C’est qu’on éprouve parfois quelque
scrupule en France, dans ce qu’on appelle horriblement
le « secteur culturel », à assumer
la fonction ludique du théâtre, qui en est
pourtant l’essence même. Oublierait-on que
les premières pièces en France, dès
le XIIème siècle, s’appelèrent
des « jeux » : « Jeu de Robin et de
Mario », « Jeu du garçon et de l’aveugle
», « Jeu de l’amour et de la mort d’Adam
» ?… Que les interprètes n’en
étaient pas des acteurs mais des « joueurs
», et que le metteur en scène était
un « maître de jeu »…
Oublie-t-on que le premier théâtre fixe en
France trouva refuge dans la seule salle où il
convint aux saltimbanques de se poser : un Jeu de paume
?
Il semblerait que nos voisins européens n’aient
pas été frappés de la même
amnésie. En Angleterre, on ne va pas voir une pièce
mais « a play » : un jeu ; en Allemagne un
acteur est un « Schauspieler » : littéralement
un joueur à regarder…
Affirmer le jeu serait-il devenu vieux-jeu ? Ce sentiment
timoré à annoncer la couleur me rappelle
l’embarras dans lequel me plongeaient mes filles
quand, petites, alors qu’elles me voyaient franchir
le seuil de la maison pour partir répéter,
elles me demandaient ce que je m’en allais faire…

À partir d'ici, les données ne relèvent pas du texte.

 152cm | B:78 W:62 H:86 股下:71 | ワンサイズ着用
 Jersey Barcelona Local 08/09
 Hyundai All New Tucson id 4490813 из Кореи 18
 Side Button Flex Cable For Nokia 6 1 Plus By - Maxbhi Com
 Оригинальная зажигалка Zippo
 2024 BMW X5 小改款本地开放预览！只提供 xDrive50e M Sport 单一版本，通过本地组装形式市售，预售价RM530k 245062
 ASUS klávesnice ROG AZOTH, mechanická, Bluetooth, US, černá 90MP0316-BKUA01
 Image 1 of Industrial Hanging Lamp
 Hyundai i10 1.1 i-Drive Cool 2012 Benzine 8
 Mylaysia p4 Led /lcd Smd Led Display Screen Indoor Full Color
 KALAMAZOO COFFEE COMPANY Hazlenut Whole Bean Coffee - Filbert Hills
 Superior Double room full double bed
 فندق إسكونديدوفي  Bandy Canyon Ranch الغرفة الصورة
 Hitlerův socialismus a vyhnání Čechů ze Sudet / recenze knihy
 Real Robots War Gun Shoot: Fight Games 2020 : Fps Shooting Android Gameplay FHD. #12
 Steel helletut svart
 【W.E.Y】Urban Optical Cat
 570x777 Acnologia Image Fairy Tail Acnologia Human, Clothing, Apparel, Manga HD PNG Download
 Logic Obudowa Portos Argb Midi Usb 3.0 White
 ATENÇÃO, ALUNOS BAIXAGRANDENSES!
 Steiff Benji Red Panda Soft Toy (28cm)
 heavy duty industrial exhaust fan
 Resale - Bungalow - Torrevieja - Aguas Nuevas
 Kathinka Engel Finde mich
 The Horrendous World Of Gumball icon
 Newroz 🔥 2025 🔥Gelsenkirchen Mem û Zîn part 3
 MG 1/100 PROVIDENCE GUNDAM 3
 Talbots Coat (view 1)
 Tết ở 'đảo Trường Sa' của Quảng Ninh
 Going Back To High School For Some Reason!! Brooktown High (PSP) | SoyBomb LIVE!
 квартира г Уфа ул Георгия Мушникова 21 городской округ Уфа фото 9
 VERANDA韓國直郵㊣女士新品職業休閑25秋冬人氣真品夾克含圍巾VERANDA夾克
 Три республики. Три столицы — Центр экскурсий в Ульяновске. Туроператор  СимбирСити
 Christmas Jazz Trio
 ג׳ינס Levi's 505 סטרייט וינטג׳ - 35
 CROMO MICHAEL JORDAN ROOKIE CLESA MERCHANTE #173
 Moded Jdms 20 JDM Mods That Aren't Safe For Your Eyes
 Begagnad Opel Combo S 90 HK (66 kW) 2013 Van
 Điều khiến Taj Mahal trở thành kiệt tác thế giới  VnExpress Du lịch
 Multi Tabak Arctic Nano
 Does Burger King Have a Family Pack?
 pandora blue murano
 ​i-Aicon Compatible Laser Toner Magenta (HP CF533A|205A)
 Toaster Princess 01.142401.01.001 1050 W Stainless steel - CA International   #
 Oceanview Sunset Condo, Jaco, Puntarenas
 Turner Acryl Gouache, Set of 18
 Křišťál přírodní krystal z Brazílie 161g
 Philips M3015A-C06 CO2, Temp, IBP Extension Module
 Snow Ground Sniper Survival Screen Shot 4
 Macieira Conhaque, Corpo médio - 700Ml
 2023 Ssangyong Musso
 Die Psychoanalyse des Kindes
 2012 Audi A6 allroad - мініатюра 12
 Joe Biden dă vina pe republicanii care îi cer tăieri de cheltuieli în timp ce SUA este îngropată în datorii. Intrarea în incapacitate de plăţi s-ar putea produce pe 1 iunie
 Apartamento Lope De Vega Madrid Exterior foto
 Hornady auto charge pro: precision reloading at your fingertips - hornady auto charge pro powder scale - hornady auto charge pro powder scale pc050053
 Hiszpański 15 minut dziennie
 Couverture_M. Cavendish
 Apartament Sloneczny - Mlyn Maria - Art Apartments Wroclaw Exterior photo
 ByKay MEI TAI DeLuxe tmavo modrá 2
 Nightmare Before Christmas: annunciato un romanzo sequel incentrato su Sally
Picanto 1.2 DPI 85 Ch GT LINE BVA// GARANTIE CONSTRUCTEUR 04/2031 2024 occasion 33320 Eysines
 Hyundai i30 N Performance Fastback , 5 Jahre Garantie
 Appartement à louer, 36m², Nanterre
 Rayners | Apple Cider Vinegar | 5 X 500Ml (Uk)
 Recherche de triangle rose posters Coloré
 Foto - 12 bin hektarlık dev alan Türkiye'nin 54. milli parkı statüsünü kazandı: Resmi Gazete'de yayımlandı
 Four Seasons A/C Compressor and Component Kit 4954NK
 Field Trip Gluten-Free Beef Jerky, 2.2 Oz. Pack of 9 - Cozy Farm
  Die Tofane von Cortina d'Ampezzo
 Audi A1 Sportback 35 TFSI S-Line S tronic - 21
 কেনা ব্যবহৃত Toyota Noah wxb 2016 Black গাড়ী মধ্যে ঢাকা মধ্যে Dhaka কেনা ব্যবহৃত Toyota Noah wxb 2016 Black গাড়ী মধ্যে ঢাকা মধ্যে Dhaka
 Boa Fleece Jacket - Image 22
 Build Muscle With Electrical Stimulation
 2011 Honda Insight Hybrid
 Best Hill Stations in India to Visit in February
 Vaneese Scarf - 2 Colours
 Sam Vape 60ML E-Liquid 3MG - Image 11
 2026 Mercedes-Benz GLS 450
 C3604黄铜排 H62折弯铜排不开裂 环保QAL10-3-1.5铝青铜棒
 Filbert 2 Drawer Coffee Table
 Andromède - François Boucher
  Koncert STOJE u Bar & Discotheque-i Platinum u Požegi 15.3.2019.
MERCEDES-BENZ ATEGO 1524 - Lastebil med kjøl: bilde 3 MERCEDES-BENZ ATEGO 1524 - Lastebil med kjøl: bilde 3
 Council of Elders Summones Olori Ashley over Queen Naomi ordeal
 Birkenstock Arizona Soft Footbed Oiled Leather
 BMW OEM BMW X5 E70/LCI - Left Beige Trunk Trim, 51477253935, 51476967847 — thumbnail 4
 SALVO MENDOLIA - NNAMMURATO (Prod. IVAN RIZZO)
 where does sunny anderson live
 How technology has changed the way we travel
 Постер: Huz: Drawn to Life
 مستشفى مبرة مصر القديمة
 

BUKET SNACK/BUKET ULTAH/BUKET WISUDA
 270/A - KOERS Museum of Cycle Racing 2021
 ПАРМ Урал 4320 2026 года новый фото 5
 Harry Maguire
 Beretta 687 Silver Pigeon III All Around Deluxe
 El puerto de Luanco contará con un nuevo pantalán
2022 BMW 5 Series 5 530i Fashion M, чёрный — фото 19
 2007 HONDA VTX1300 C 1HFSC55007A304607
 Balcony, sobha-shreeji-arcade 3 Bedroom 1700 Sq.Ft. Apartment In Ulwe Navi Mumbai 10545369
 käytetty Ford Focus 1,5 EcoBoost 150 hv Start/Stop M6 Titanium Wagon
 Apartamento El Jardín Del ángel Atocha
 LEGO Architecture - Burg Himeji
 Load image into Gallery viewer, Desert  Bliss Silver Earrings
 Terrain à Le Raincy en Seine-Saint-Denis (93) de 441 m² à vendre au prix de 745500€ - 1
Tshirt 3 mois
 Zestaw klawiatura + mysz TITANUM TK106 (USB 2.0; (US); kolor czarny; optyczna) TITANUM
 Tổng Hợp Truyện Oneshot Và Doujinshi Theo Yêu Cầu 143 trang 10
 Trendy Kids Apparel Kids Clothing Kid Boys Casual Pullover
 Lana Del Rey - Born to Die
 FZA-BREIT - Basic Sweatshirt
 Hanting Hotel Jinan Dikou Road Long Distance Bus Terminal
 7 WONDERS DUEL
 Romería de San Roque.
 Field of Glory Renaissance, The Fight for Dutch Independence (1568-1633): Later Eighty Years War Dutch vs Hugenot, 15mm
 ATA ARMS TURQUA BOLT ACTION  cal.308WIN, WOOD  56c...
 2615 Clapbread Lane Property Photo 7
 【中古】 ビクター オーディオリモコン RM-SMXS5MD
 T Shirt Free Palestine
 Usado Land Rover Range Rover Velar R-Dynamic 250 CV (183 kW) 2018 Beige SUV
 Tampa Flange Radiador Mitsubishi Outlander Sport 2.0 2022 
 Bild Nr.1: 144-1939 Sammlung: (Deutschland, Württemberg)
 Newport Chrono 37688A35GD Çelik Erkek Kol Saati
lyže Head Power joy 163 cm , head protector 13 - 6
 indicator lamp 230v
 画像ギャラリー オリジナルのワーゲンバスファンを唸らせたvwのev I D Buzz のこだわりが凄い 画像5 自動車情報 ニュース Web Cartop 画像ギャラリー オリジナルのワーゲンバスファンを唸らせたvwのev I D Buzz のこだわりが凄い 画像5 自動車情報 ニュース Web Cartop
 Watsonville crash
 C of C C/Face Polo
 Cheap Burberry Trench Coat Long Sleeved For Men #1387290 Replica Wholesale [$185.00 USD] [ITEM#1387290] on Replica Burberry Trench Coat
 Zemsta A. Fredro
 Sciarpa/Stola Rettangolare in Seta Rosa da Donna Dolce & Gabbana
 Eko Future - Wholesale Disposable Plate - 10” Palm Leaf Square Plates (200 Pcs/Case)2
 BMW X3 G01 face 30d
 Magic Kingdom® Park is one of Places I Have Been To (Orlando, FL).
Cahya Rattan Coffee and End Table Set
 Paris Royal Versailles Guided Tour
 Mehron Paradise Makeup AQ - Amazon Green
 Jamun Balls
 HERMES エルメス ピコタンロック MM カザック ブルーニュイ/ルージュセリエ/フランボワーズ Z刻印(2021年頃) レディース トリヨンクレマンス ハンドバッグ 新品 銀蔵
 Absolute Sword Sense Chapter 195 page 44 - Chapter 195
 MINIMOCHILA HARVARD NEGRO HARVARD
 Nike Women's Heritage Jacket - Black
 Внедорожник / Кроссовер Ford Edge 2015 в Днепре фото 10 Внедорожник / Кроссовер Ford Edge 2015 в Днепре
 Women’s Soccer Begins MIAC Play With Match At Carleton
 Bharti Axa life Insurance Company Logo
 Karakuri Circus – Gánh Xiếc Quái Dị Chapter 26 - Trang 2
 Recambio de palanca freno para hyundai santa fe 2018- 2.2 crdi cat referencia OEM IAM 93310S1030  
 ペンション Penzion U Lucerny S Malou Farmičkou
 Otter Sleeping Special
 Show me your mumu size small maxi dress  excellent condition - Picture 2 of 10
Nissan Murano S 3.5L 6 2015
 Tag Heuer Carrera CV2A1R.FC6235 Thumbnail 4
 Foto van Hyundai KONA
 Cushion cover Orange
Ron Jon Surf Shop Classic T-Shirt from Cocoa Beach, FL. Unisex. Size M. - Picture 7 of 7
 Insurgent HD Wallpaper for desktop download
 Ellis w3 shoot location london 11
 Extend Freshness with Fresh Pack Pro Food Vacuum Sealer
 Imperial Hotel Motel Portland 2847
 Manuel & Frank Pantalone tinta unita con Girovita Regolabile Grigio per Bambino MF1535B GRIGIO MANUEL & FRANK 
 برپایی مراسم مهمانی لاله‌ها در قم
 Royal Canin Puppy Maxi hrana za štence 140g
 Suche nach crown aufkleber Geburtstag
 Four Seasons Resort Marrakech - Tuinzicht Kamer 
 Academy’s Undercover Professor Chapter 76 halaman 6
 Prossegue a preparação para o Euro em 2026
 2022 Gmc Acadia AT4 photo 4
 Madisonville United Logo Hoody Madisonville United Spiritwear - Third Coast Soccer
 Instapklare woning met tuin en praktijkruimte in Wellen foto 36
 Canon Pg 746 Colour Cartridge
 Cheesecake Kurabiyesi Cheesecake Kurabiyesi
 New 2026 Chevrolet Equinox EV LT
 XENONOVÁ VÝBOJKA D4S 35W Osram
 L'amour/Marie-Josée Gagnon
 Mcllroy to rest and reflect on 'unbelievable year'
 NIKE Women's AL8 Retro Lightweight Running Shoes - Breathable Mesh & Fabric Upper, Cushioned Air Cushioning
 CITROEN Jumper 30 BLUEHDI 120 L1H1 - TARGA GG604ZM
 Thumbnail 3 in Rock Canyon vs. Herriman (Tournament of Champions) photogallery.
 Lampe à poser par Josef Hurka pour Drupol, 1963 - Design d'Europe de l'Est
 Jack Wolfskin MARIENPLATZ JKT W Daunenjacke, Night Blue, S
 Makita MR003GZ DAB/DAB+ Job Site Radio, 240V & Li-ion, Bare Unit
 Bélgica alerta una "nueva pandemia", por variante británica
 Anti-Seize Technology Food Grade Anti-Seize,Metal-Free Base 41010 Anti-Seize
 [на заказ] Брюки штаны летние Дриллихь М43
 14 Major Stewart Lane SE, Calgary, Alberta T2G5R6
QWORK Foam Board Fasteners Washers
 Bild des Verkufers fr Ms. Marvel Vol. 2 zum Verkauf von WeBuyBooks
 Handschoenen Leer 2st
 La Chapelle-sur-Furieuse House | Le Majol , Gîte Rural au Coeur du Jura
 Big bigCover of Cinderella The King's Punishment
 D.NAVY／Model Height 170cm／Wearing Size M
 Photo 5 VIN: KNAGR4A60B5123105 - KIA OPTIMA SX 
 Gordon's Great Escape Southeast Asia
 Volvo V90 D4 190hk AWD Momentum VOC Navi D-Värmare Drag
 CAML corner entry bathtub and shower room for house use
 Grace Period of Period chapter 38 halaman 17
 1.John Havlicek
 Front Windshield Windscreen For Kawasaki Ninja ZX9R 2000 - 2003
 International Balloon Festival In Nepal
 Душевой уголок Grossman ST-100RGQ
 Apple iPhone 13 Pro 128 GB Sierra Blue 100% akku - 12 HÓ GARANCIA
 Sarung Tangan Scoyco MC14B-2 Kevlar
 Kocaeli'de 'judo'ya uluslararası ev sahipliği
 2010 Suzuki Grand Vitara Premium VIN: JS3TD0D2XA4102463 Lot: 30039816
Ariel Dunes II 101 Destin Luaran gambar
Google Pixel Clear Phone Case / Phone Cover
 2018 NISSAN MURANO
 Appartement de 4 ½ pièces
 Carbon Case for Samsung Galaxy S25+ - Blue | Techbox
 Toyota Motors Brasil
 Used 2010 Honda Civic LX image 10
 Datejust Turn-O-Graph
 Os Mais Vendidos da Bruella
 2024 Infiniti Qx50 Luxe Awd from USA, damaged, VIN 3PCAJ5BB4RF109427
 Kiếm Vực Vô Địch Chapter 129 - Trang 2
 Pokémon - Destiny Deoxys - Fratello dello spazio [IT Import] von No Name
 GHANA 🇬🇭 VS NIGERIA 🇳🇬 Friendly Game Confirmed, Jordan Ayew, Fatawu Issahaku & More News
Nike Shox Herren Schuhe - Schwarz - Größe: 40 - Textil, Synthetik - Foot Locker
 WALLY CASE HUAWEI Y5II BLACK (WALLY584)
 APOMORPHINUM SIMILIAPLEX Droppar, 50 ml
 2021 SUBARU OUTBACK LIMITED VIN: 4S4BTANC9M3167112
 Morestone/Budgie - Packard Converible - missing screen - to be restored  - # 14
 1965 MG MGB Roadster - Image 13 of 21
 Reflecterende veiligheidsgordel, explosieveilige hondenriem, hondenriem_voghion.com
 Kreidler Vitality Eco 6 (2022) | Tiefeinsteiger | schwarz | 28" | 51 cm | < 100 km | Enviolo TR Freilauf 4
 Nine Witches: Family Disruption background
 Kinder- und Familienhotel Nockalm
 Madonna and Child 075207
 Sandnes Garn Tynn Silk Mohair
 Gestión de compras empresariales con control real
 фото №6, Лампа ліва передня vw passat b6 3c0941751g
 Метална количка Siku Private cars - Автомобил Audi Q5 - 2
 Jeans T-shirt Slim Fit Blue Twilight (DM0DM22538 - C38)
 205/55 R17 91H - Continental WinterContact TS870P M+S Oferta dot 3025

« Je m’en vais… travailler » leur
répondais-je, souvent après quelque hésitation.
Jusqu’au jour où l’une d’elle,
perfide et perspicace, me lança : « Ce n’est
pas vrai, on sait bien que tu vas jouer »…
Elles imaginaient un père sérieux, et c’est
vrai, le sérieux exclut le jeu. Mais malgré
l’application qu’elles mettaient, comme nous
tous enfants, à changer une poupée, à
conduire nos voitures miniatures, elles ignoraient encore
que le jeu peut être pris au sérieux.
Je me souviens de l’odeur mélangée
de confitures et d’encaustique du gratte-ciel de
mes peaux-rouges : un gigantesque buffet Henri IV, à
étages, qui trônait dans la salle à
manger de mes parents. Pour des joutes imaginaires, avec
quel sérieux y installais-je, sur cette partie
médiane où s’exposaient des assiettes
aux bords dentelés -, mes « soldats »
de plombs : hétéroclite assortiment d’iroquois,
de cow-boys, de gardes républicains, de spahis
et de cyclistes… Etaient-ce mes débuts de
metteur en scène ?
Non, car l’on ne met rien en scène, on ne
joue jamais, au théâtre, que pour un public.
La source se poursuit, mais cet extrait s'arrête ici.